Suyapa

France has Lourdes. Portugal has Fátima. Mexico has Guadalupe. In the far southern suburbs of Tegucigalpa is Honduras's very own site, Suyapa, where the faithful believe that the Virgin Mary has worked miracles. Tradition holds that a farmer stopped for the night here in 1747. A sharp object poked him in the back as he slept on the ground. He cast it away several times, assuming it to be a stone, only to have it return to the same position. On closer inspection, he noticed it was a 6-cm (2½-inch) figure of the Virgin Mary with indigenous features. The farmer and his family built a shrine to the Virgin in their home. Upon hearing of the ill health of a military officer, they prayed for his recovery. The officer recovered, and was so grateful that he ordered a church constructed to house the figure. In the two-and-a-half centuries since, thousands of Hondurans have made similar appeals and attribute betterment of their health and welfare to the Virgin of Suyapa, now the country's patron saint.

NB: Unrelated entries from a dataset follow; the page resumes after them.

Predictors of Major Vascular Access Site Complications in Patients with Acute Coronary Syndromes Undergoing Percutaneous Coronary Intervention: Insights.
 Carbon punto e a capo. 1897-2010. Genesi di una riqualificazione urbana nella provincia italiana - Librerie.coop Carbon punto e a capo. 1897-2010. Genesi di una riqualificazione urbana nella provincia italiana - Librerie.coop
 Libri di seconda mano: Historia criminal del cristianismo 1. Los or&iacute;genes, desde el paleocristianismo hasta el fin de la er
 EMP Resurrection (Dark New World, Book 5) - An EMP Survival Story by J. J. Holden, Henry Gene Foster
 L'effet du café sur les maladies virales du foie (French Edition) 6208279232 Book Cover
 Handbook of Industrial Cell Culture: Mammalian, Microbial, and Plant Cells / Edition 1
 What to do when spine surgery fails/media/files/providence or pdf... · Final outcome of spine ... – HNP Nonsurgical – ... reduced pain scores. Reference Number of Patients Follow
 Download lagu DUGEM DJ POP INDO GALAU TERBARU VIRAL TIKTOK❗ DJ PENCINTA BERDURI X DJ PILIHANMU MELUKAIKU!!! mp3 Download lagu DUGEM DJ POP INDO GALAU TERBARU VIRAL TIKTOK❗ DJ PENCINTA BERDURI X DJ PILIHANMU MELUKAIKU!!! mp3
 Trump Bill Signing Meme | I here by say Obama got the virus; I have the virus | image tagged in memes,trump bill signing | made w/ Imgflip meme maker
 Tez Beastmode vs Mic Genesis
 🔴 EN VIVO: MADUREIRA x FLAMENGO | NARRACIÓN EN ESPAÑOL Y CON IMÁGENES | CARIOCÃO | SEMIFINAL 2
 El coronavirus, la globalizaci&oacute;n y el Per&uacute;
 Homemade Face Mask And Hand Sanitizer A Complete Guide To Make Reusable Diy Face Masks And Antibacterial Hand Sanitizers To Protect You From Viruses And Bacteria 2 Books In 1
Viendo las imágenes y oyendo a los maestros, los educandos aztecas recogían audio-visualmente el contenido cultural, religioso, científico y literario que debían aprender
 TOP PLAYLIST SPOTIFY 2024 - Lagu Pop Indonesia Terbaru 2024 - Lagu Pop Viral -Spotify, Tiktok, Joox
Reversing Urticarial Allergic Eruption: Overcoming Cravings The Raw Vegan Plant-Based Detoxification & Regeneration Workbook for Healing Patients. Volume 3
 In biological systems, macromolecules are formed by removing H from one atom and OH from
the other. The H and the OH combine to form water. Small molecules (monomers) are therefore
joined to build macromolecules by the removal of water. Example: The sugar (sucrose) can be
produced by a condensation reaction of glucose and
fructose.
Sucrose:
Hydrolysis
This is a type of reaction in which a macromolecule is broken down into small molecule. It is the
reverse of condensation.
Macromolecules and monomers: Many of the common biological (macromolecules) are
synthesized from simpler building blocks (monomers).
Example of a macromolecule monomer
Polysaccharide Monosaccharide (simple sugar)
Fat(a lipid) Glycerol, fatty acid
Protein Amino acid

This is quite a miraculous Virgin, certainly in terms of appearing to get around on her own accord. In 1986 she went missing, reappearing some time later in the men's room of La Terraza de Don Pepe restaurant in downtown Tegucigalpa. Whether she got to the restaurant on her own or was stolen and abandoned there is debated, but the eatery has a shrine in her honor to this day.